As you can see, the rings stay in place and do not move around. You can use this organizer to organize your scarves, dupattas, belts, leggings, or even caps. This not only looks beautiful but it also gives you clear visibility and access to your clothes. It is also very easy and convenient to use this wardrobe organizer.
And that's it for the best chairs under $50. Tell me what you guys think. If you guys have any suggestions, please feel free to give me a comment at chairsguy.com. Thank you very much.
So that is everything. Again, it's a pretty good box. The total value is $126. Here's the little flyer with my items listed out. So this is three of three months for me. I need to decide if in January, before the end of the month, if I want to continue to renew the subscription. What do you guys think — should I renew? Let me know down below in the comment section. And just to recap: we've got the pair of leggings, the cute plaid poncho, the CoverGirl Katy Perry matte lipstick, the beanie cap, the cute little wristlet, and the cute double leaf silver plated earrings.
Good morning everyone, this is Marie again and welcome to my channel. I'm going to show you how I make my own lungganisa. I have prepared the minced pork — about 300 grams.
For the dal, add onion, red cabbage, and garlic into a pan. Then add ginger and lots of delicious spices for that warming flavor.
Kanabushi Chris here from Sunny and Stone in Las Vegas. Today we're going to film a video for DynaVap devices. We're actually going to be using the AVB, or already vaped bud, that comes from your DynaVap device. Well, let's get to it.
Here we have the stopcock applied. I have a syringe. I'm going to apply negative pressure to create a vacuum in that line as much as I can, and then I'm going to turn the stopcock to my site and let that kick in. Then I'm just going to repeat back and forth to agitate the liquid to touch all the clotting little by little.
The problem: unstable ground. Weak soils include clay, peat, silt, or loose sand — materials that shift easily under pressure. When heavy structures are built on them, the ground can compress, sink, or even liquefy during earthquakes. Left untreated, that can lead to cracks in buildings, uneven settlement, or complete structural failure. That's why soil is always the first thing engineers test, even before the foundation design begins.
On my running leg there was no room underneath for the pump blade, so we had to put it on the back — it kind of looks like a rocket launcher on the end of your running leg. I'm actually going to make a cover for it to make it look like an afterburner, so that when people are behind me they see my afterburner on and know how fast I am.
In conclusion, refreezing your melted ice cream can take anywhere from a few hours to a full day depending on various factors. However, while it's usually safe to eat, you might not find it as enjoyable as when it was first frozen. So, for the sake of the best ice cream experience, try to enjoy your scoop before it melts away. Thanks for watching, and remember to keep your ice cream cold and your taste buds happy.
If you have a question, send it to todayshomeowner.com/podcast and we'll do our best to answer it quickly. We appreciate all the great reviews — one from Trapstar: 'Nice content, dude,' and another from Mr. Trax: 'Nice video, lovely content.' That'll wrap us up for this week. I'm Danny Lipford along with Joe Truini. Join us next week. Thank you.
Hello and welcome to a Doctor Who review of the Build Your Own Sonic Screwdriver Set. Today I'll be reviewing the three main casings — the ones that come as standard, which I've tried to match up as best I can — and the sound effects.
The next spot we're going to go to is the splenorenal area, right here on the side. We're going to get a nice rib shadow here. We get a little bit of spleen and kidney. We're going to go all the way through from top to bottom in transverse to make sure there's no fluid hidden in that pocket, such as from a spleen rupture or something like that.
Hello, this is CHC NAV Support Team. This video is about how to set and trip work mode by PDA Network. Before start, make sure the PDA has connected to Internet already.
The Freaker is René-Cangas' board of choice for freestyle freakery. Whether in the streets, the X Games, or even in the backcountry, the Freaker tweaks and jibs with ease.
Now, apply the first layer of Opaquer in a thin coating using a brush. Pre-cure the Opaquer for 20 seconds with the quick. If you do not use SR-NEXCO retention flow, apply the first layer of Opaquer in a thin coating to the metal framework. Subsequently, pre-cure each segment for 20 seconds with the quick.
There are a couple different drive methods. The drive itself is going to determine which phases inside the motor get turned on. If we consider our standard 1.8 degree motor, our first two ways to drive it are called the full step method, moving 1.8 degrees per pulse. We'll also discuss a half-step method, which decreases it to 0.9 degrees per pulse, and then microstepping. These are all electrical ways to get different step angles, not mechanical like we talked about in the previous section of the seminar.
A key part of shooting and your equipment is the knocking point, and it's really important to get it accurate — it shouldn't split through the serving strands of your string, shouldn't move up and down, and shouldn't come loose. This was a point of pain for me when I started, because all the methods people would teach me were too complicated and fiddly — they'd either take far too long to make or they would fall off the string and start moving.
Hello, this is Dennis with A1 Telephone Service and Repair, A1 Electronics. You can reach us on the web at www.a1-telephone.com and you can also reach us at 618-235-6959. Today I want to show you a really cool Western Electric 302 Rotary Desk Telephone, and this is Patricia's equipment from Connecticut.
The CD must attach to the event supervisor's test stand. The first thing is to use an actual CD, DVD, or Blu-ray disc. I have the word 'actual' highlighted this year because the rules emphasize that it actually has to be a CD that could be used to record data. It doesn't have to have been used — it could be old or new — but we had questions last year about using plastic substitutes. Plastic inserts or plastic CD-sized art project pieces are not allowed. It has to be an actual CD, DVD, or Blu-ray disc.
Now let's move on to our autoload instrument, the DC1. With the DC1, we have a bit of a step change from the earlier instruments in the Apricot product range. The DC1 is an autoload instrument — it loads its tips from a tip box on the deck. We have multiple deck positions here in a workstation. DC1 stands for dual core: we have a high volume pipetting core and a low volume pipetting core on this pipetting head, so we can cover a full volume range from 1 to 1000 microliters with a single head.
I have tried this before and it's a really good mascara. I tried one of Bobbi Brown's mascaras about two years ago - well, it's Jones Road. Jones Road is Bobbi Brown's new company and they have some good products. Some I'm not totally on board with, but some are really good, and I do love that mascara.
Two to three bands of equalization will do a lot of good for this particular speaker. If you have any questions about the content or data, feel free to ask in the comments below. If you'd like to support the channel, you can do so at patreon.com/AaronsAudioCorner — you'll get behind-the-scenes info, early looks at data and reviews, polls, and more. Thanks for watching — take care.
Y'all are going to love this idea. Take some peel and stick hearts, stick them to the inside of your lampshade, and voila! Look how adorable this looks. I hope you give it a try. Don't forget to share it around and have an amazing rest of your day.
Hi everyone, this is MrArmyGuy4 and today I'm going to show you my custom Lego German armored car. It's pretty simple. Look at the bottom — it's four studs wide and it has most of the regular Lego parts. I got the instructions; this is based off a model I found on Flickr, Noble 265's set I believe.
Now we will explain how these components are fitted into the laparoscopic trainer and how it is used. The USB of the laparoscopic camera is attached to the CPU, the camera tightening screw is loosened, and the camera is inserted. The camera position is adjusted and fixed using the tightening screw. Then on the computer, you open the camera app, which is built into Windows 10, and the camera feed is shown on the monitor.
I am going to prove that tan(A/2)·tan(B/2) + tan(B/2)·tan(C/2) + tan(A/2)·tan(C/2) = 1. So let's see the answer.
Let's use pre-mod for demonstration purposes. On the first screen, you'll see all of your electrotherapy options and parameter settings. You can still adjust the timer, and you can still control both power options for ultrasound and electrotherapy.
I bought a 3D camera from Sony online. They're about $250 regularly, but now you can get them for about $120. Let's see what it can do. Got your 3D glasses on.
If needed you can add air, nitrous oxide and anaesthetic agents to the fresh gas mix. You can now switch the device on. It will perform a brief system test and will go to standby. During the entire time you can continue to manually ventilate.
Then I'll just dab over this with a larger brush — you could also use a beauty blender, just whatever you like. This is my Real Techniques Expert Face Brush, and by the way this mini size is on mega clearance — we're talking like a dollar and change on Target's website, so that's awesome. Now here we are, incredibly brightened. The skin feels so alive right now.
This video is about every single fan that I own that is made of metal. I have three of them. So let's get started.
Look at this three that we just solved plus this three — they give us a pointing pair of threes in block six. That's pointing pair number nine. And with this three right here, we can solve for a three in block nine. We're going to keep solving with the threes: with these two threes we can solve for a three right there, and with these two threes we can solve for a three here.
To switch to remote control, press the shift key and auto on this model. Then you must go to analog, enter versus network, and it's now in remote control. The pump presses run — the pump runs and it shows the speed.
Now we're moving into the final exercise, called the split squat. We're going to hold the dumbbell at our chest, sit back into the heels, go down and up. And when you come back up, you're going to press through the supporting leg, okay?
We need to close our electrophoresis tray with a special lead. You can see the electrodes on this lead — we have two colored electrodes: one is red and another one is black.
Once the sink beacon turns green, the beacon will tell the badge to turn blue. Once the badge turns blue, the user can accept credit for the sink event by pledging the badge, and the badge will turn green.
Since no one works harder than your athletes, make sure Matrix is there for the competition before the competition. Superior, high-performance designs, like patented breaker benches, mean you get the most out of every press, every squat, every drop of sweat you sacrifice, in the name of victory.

[TASK STATEMENT]
Word for word, restate the lines above from the line containing "Hello, this is Dennis" through the line containing "I have tried", with both included and nothing else.

[ANSWER]
Hello, this is Dennis with A1 Telephone Service and Repair, A1 Electronics. You can reach us on the web at www.a1-telephone.com and you can also reach us at 618-235-6959. Today I want to show you a really cool Western Electric 302 Rotary Desk Telephone, and this is Patricia's equipment from Connecticut.
The CD must attach to the event supervisor's test stand. The first thing is to use an actual CD, DVD, or Blu-ray disc. I have the word 'actual' highlighted this year because the rules emphasize that it actually has to be a CD that could be used to record data. It doesn't have to have been used — it could be old or new — but we had questions last year about using plastic substitutes. Plastic inserts or plastic CD-sized art project pieces are not allowed. It has to be an actual CD, DVD, or Blu-ray disc.
Now let's move on to our autoload instrument, the DC1. With the DC1, we have a bit of a step change from the earlier instruments in the Apricot product range. The DC1 is an autoload instrument — it loads its tips from a tip box on the deck. We have multiple deck positions here in a workstation. DC1 stands for dual core: we have a high volume pipetting core and a low volume pipetting core on this pipetting head, so we can cover a full volume range from 1 to 1000 microliters with a single head.
I have tried this before and it's a really good mascara. I tried one of Bobbi Brown's mascaras about two years ago - well, it's Jones Road. Jones Road is Bobbi Brown's new company and they have some good products. Some I'm not totally on board with, but some are really good, and I do love that mascara.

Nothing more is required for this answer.